→ What is being asked
Beginning at the line that holds "ssstein(シュタイン)のTWIST SEAM VINTAGE" and continuing to the last line of the data below, transcribe every line word for word, without pictures.

----- Data provided

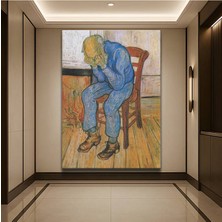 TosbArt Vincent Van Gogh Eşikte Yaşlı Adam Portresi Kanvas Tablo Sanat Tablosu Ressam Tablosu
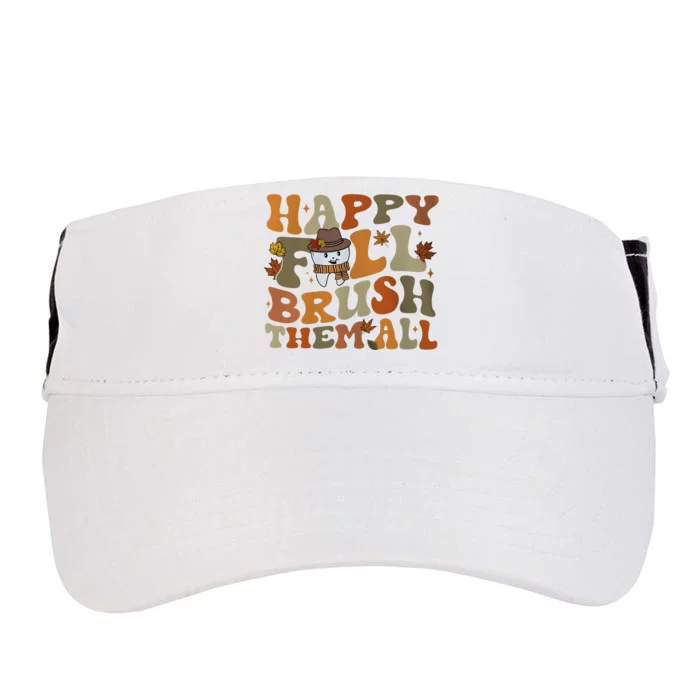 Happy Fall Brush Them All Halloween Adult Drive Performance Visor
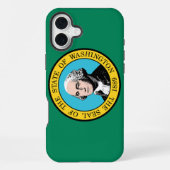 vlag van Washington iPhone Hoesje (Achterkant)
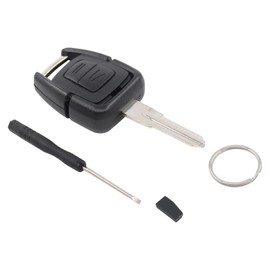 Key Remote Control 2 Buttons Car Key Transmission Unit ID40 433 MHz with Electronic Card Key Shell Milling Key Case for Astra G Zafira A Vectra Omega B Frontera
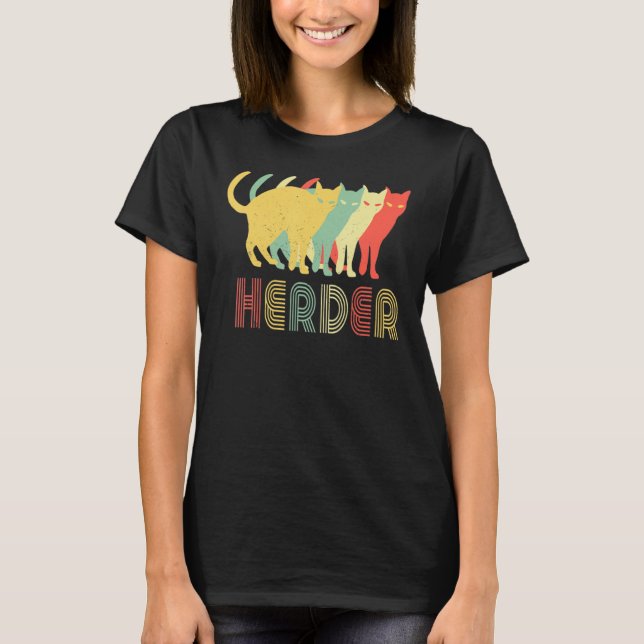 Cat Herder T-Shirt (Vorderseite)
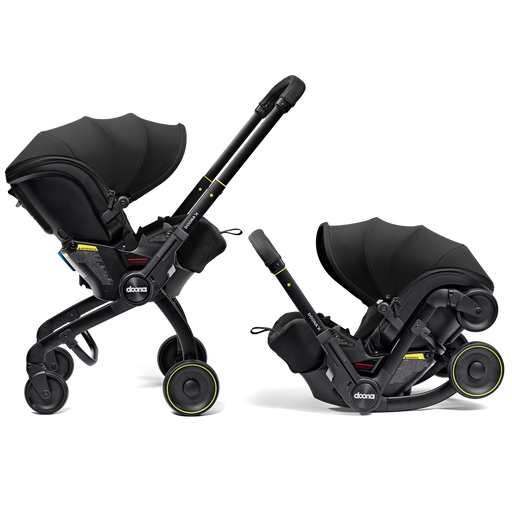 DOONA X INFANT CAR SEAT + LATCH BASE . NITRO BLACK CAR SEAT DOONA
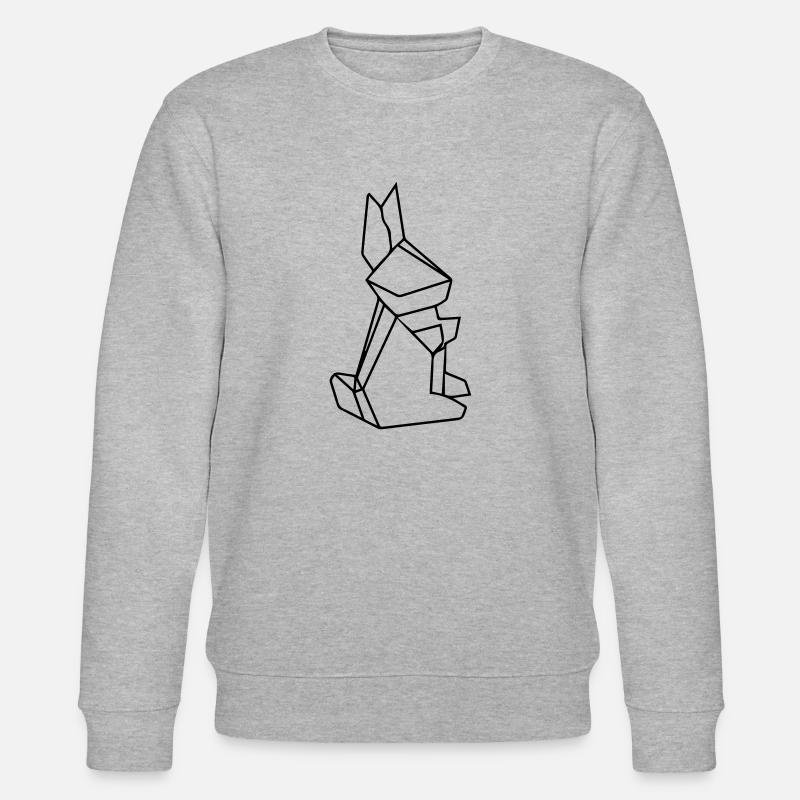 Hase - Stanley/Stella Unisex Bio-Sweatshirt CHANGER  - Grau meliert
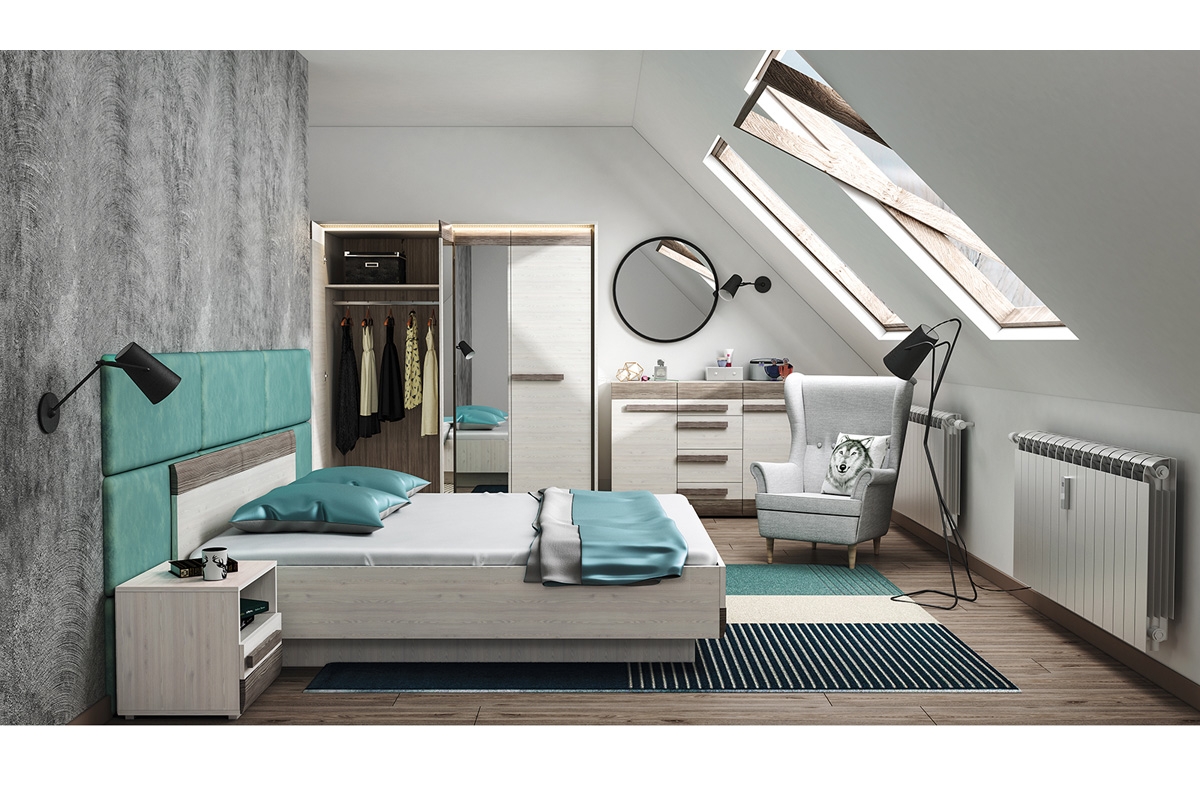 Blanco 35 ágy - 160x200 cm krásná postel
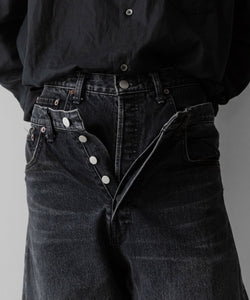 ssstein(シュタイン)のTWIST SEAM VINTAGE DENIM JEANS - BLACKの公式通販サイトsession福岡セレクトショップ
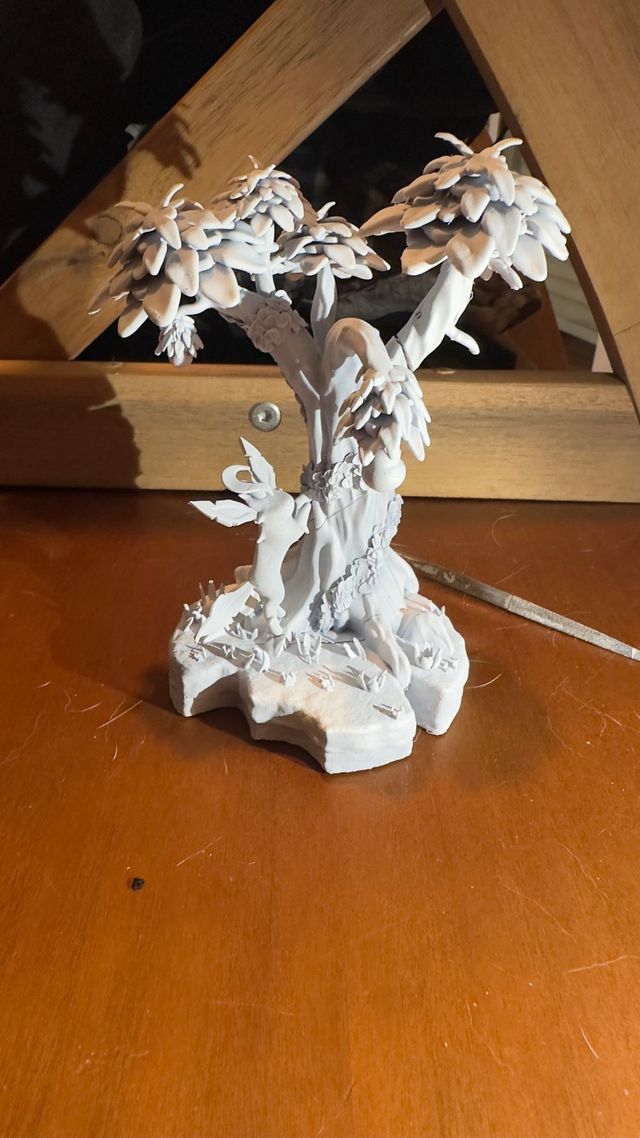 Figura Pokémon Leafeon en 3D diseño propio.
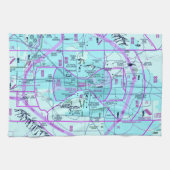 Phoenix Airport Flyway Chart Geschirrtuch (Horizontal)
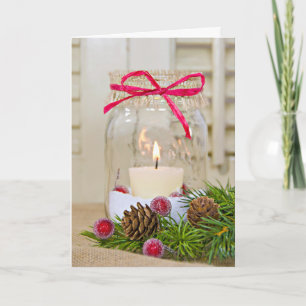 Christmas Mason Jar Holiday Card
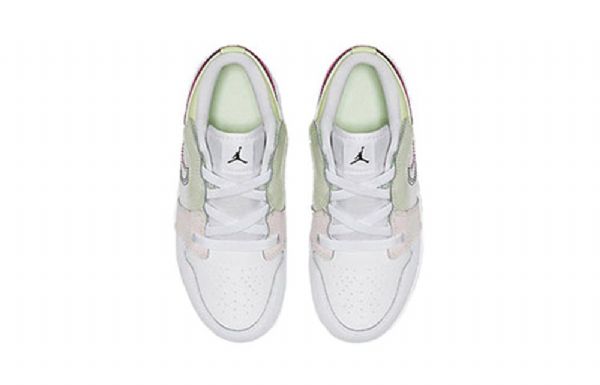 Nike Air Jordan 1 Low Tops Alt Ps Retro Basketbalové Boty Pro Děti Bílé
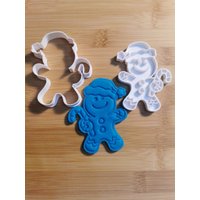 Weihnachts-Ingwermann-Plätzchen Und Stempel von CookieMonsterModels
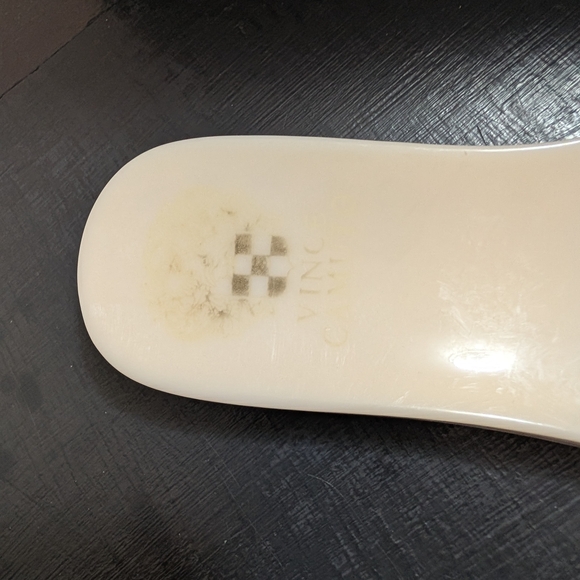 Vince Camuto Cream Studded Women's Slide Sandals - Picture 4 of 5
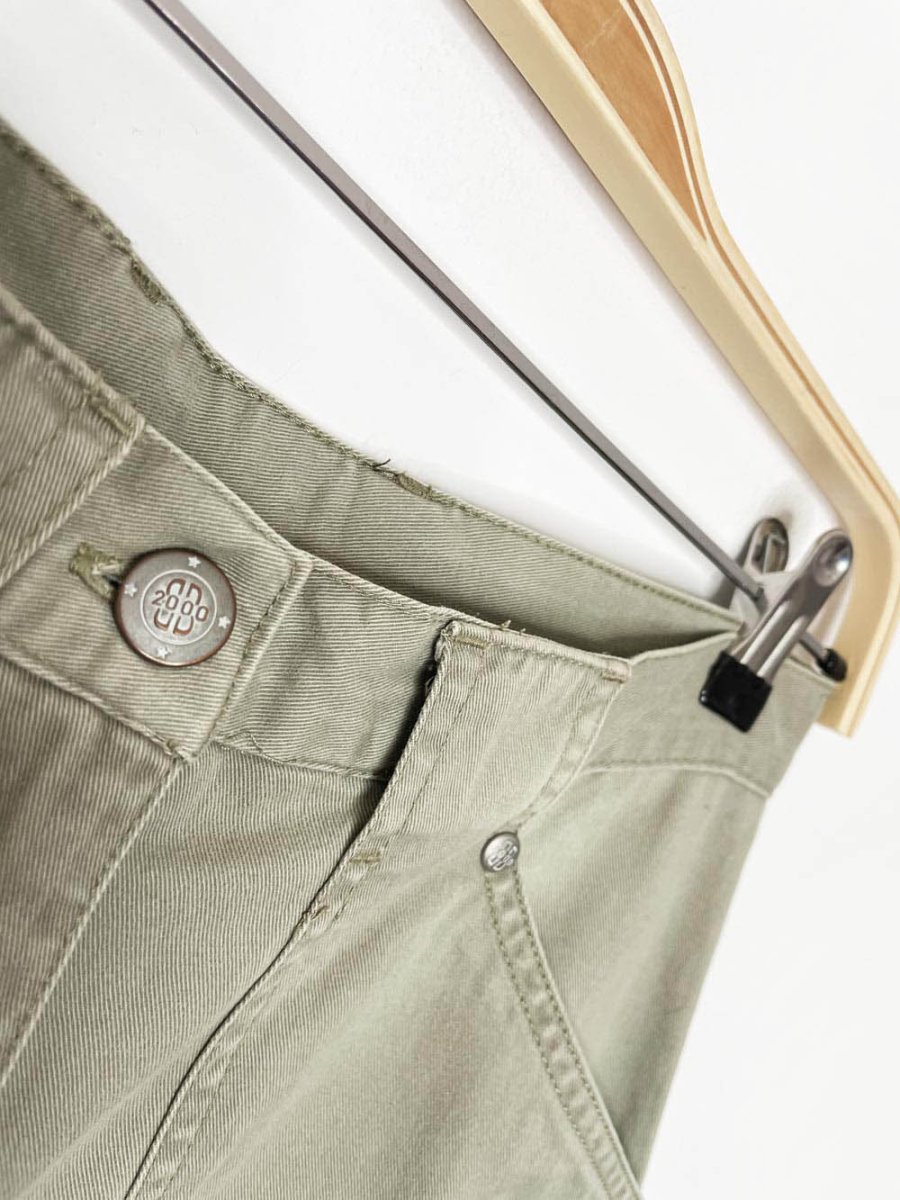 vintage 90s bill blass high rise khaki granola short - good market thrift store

----------

→ Written solution
 ssstein(シュタイン)のTWIST SEAM VINTAGE DENIM JEANS - BLACKの公式通販サイトsession福岡セレクトショップ
 Figura Pokémon Leafeon en 3D diseño propio.
 Phoenix Airport Flyway Chart Geschirrtuch (Horizontal)
 Christmas Mason Jar Holiday Card
 Nike Air Jordan 1 Low Tops Alt Ps Retro Basketbalové Boty Pro Děti Bílé
 Weihnachts-Ingwermann-Plätzchen Und Stempel von CookieMonsterModels
 Vince Camuto Cream Studded Women's Slide Sandals - Picture 4 of 5
 vintage 90s bill blass high rise khaki granola short - good market thrift store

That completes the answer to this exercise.